The Python crawler package Beautiful Soup uses regular expressions to search, pythonsoup

Source: Internet
Author: User

The Python crawler package Beautiful Soup uses regular expressions to search, pythonsoup

When using Beautiful Soup, you can specify the corresponding name and attrs to search for specific names and attributes to find the required html code.

However, sometimes, there are many possibilities for its name or attr value in the content to be processed, especially when it meets a certain rule, it cannot be written as a fixed value.

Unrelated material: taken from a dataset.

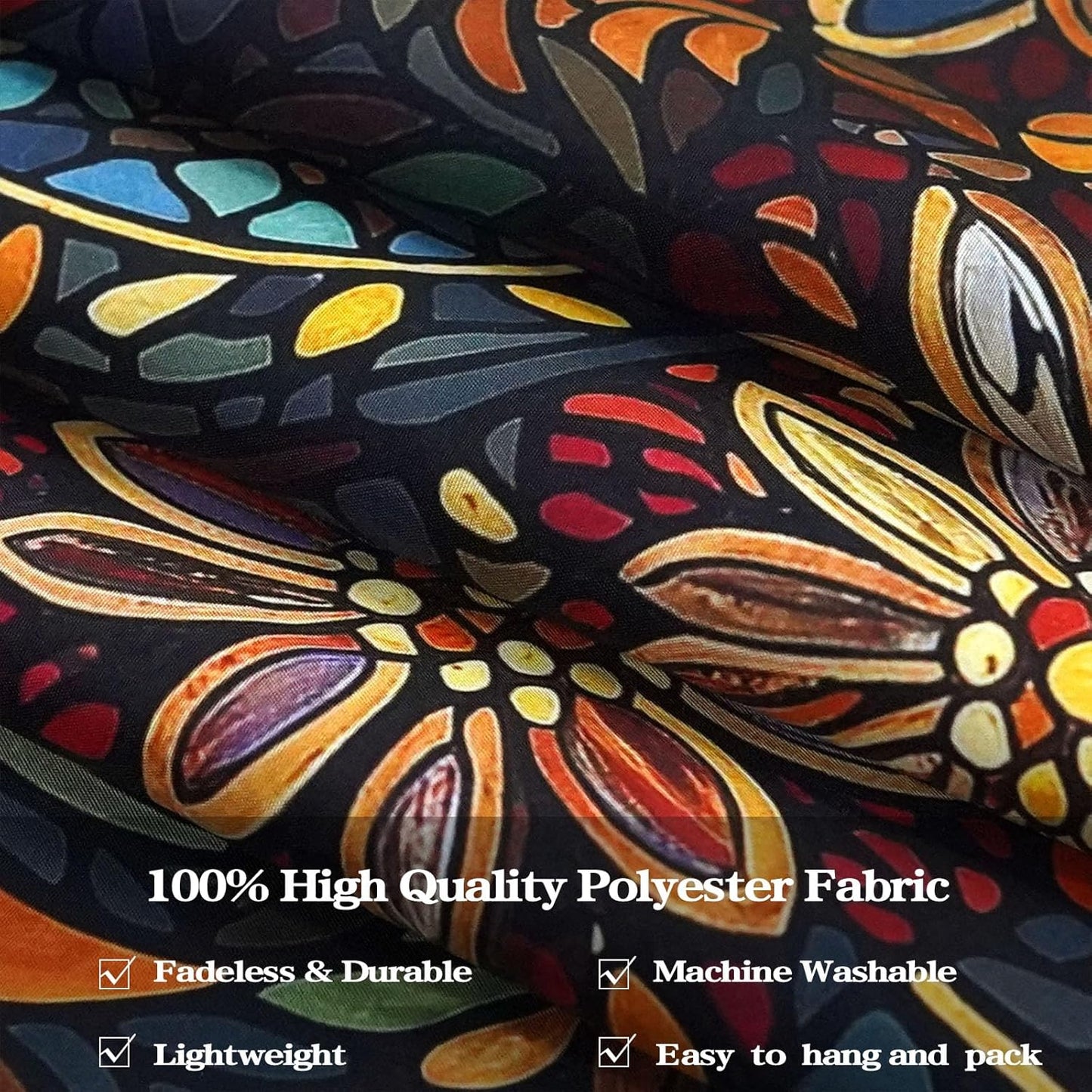 Fowocu Boho Floral Mandala Tapestry Wall Hanging Vintage Bohemian Flower Medallion Tapestry Aesthetic Orange Stained Glass Hippie Small Tapestries for Bedroom Living Room Dorm Decor 40 x 30 Inch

Therefore, you can use regular expressions to solve this problem.
For example,

<div class="icon_col">    

The corresponding BeautifulSoup code is as follows:

h1userSoup = soup.find(name="h1", attrs={"class":"h1user"});

If html is like this:

<div class="icon_col">    

If you want to find all the codes that match the h1 condition at a time, you can only find the code of a single class = "h1user". The remaining two

class="h1user test1"

And

class="h1user test2"

I cannot find it.

In this case, you can use BeautifulSoup with very powerful functions:

The expression of regular expressions is supported in attrs.

.

You can write it as follows:

h1userSoupList = soup.findAll(name="h1", attrs={"class":re.compile(r"h1user(\s\w+)?")});

You can find:

class="h1user"class="h1user test1"class="h1user test2"

.

<div aria-lable="xxx">
Such as tags, the content of xxx is unknown (variable ).

If you want to find the corresponding div tag, you do not know how to implement it before.
If it is written:

sopu.findAll("div", attrs={"aria-lable": "xxx"});

Xxx must be written out. If the attribute value is not written, you cannot use attrs, and you cannot find the tag of the attribute value here.
So:

<Div aria-label = "5 stars, 747 scores "class =" rating "role =" img "tabindex ="-1 "> <div> <span class =" rating-star "> </span> <span class = "rating-star"> </span> <span class = "rating-star"> </span> <span class = "rating-star"> </span> <span class = "rating-star"> </span> </div> <span class = "rating-count"> 747 scores </span> </div>

You can use:

soup.findAll("div", attrs={"aria-lable": True});

Find the div tag whose property contains aria-lable.

Therefore, we do not know how to deal with the above:

Use BeautifulSoup to find tags with unknown attribute values but known attributes

In this example, you can:

<div aria-lable="xxx">

Reuse:

sopu.findAll("div", attrs={"aria-lable": True});

You can find the corresponding div tag containing the attribute aria-lable.

Articles you may be interested in:
  • In Python, The urllib + urllib2 + cookielib module write crawler practices
  • In-depth analysis of the structure and operation process of the Python crawler framework Scrapy
  • Practice the Python crawler framework Scrapy to capture the TOP250 Douban movie
  • Some key points of using the Beautiful Soup package to write crawlers in Python
  • Create a crawler to capture beautiful pictures in Python
  • How to Write a Python crawler to capture TOP100 Douban movies and user portraits
  • Demonstrate the usage of the Python crawler Beautiful Soup using video crawling instances
  • Tutorial on creating crawler instances using Python's urllib and urllib2 modules
  • Guide to Using Python to write basic crawler modules and frameworks

Related Article

Contact Us

The content source of this page is from Internet, which doesn't represent Alibaba Cloud's opinion; products and services mentioned on that page don't have any relationship with Alibaba Cloud. If the content of the page makes you feel confusing, please write us an email, we will handle the problem within 5 days after receiving your email.

If you find any instances of plagiarism from the community, please send an email to: info-contact@alibabacloud.com and provide relevant evidence. A staff member will contact you within 5 working days.

A Free Trial That Lets You Build Big!

Start building with 50+ products and up to 12 months usage for Elastic Compute Service

  • Sales Support

    1 on 1 presale consultation

  • After-Sales Support

    24/7 Technical Support 6 Free Tickets per Quarter Faster Response

  • Alibaba Cloud offers highly flexible support services tailored to meet your exact needs.